Je suggérais récemment, avec d’autres, qu’une des raisons aux sources profondes de l’inaction climatique résidait dans l’absence d’un découvreur emblématique, d’un Newton ayant révélé au monde l’évidence d’un effet de serre dû à l’accumulation de carbone d’origine anthropique.
Pourtant, ou plutôt en conséquence, Il est fait régulièrement référence, par les organisations militantes de la cause du climat, de savants précurseurs, découvreurs incompris du réchauffement climatique tel qu’on le comprend aujourd’hui.
Dans un post récent, Time for the Planet mentionne par exemple un « article vieux de 110 ans » intitulé « la consommation de charbon affecte le climat » ». Le post précise que son auteur « avertissait (déjà) sur le dérèglement climatique ».
Cet article, inlassablement cité, est de Svante Arrhenius.
Avec comme souvent dans l’exploitation de cet article, le même problème de décalage anachronique.
La justesse de la cause n’empêche pas celle des arguments utilisés pour la défendre.
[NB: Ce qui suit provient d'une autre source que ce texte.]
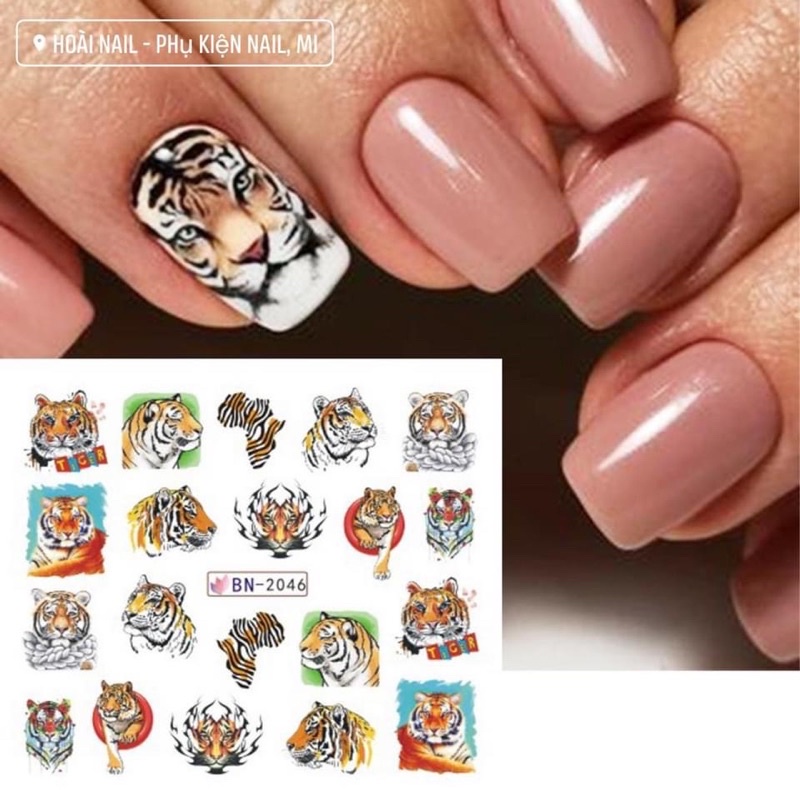 Sticker nước tấm to hổ báo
Elle l’exige même quand la cause est d’intérêt général.
Dans cet article paru en août 1912, le savant suédois, prix Nobel de Chimie en 1903, calculait l’augmentation de la température moyenne annuelle qu’entraînerait une augmentation de la concentration en CO2.
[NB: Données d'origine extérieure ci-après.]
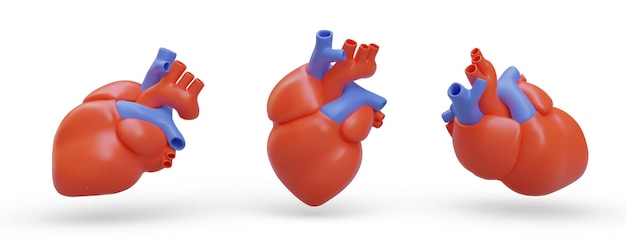 Plik wektorowy zestaw realistycznych, anatomicznie poprawnych serc w różnych pozycjach silnik ludzki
Mais ce n’était pas pour s’inquiéter des conséquences de l’activité de l’Homme sur le climat : il cherchait à rendre compte des climats chauds de l’époque tertiaire, ceux durant lesquels des éléphants et des rhinocéros s’ébattaient jusque dans les régions polaires.
Si la question du réchauffement d’origine anthropique n’était pas complètement absente des réflexions d’Arrhenius, le savant suédois la posait dans des termes très différents de ceux d’aujourd’hui.
Dans « L’Évolution des mondes » publiée en 1910, il fait référence à la croissance rapide de la consommation mondiale de charbon, mais pour s’en réjouir.
Le réchauffement, écrit-il, offrira « au genre humain des températures plus égales et des conditions climatériques plus douces qui permettront au sol de produire des récoltes considérablement plus fortes qu’aujourd’hui pour le bien d’une population qui semble en voie d’accroissement plus rapidement que jamais ».
Pour Lucien Febvre, fondateur de la très féconde Ecole historique des Annales, l’anachronisme est le péché des péchés de l’historien. C’est aussi une tentation pour tout le monde.
La recherche systématique de l’onction du passé, peut aussi aveugler sur le présent, et obérer l’avenir.
Svante Arrhenius, n’est pas le Newton méconnu du réchauffement climatique, ni Jean-Baptiste Fourier ni John Tyndall, tous deux également souvent sollicités pour le rôle.
L’évidence du réchauffement climatique se soutient d’elle-même. Elle n’a pas besoin de prophète mais de courage politique, de pragmatisme et de constance.